ボルネオだより/読める

 ボルネオでうれしいことのひとつは、表示がわかることだ。ローマ字と漢字。ともに私の読める文字である。モスクにはアラビア文字ヒンドゥー寺院にはタミール文字を見かけることもあるけれど、それは装飾みたいなものだ。マレー語と英語はローマ字で、中国語は漢字と、それからローマ字でも表記されている。漢字では中華系(住民の3割以上を占める)以外には理解できないから。中華系でも漢字がほとんど読めない人はけっこういるし。その漢字は正字だったり簡体字だったり、左起横書きだったり右起横書きだったりしているけども(縦書きもまれに)、どれであろうと文句はない。とにかく読める。マレー語はわからないが、わからなくてもそれが読めるというのはありがたい。読めない文字ばかりで書いてあるのはつらい。位置感覚を喪失してしまう。

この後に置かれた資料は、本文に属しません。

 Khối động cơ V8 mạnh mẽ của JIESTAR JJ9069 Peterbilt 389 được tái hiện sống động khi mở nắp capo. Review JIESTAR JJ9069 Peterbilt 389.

 行く前にロシア語もキリル文字も少しは習っていたけれど、最初の頃はモスクワの地下鉄に乗るのはけっこうなストレスだった。すべてキリル文字表記で、一生懸命解読するのだが、わずかな停車時間では無理だし、下車してからもどっちへ進んだらいいのかわからない。ふつうの列車なら風景が見えるからそれが情報を与えてくれるが、壁しか見えない地下鉄では表記の文字しかよるべがないからたいへんだった。この文字に慣れてからは、奇妙なアルメニア文字表記の間にキリル文字を見つけるとほっとしたものだが。
 私が読めるのは、日本語で使うひらがな・カタカナ・漢字・ローマ字のほかにはこのキリル文字ぐらいで、サンスクリット文字・カンナダ文字・アルメニア文字・ハングルは手ほどきを受けたことはあるが、読めない。解読できるとも言えない。それがその文字であることがわかるだけ。
 古い文明大陸であるアジアは、文字の大陸である。ユーラシアにおいてローマ字(ラテン文字)が占める面積は非常に限られている。英語やフランス語が補助言語として習われているからローマ字が読める人が多いだけで、その土地の言語がローマ字で表記されている地域は実は限られている。話を世界に広げてみると理由がよくわかる。ローマ字国というのはキリスト教国なのだ(正教は除く。正教国はギリシャ文字キリル文字だ)。そして、キリスト教はほとんど野蛮人の間(ヨーロッパがその筆頭)にしか広まらない宗教なので、新大陸やブラックアフリカをその領土としている。アジアでキリスト教なのは、文明にしっかり浴する前に植民地化されたフィリピンのみ。宗教的な理由以外でローマ字を国字として受け入れたのは、トルコやウズベキスタン、マレーシア、インドネシアベトナムぐらいであり、それぞれそうするだけの事情があった。アラビア文字イスラム文字として広まったが、あれは本来セム語表記のための子音文字で、セム語以外の言語の表記には向いていない。だからトルコやマレーシア、インドネシアはより自言語表記に適しているローマ字に乗り換えた。ベトナムは漢字圏だが、とにかくあの表意文字の漢字というのは数が多すぎて困る。韓国朝鮮はハングルというものがあったからそちらに切り替えることができたが、ベトナムの字喃はそうできるほど整ったものでなかったため、ローマ字にしたわけだけれども、やたら補助記号が多くて、残念な気がする。アラビア文字を使い続けているイランは、立ち返るには中世ペルシャの文字は欠陥が多く、世俗主義を打ち出したトルコと違いイスラムシーア派の正宗だから、よもやラテン文字に変改することはあるまい。国字以外ならローマ字表記言語はけっこう多いのだが、それらはつまり欧米の支配下に入るまで無文字言語だったということだ。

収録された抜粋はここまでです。